We use lawyers for Prosecution and Defense advocates in a trial, and Dictionaries are not permitted in the Jury Deliberation room. So, Lawyers seem to come out on top. If the Government tries to confiscate privately-owned Bullion, you would send for a Lawyer, right?
There’s a reason the Lawyers don’t allow Dictionaries in Jury Deliberation rooms. One Dictionary can hold a thousand terrified Lawyers at bay. Dictionaries hold the Ultimate Truth: The definitions of words.
No American Government will ever be able to confiscate your Bullion Coins, so you won’t need Lawyers. You don’t even own any Bullion Coins, even if someone said you did. There’s no such thing as a Bullion Coin, so there’s nothing to fear but fear itself, and Dictionaries banish fear.
Here’s The Dictionary:
The Oxford English Dictionary is the principal dictionary of the English Language. This is where the definitions of words are kept. The Oxford is a rather massive 24 volumes and not easy to carry around, occupying as it does about six feet of shelf space. The Shorter Oxford, by comparison, is only two volumes and has 99.9% of the words we most commonly need. Let’s take a look at what it has to say about Coin, a noun:
“A piece of metal, usually a disc, made into money by an official stamp.” The word derives from the Old French coin, meaning a wedge or corner.
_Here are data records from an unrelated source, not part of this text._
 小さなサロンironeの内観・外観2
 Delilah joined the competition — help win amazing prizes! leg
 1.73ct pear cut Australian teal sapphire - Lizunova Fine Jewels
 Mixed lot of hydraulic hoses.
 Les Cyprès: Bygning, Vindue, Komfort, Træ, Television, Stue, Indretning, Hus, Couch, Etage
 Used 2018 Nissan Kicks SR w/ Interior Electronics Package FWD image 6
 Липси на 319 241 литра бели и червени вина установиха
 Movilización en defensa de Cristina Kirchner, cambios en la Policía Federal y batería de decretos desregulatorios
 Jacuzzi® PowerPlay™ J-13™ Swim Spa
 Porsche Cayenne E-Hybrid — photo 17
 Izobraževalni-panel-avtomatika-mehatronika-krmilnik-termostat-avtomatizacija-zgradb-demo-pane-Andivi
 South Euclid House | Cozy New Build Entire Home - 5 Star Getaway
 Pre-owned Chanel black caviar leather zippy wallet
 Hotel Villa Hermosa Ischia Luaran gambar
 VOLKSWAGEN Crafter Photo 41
Coin is also a verb. The Shorter Oxford tells us it means,
“1. to make (money) by stamping metal
2. to make (metal) into money by stamping pieces of definite weight and value with authorized marks or characters.”
The verb to coin derives from the Old French coigner, meaning mint.
Well, that’s interesting. Right here we can see that the physical manufacturing process adds value to whatever metal might be used, and that means the coined metal is worth more than the raw materials (the metal, perhaps even Bullion).
Bullion? They make Coins from Bullion? What’s that?
Shorter Oxford to the rescue! Go, Oxford! Go!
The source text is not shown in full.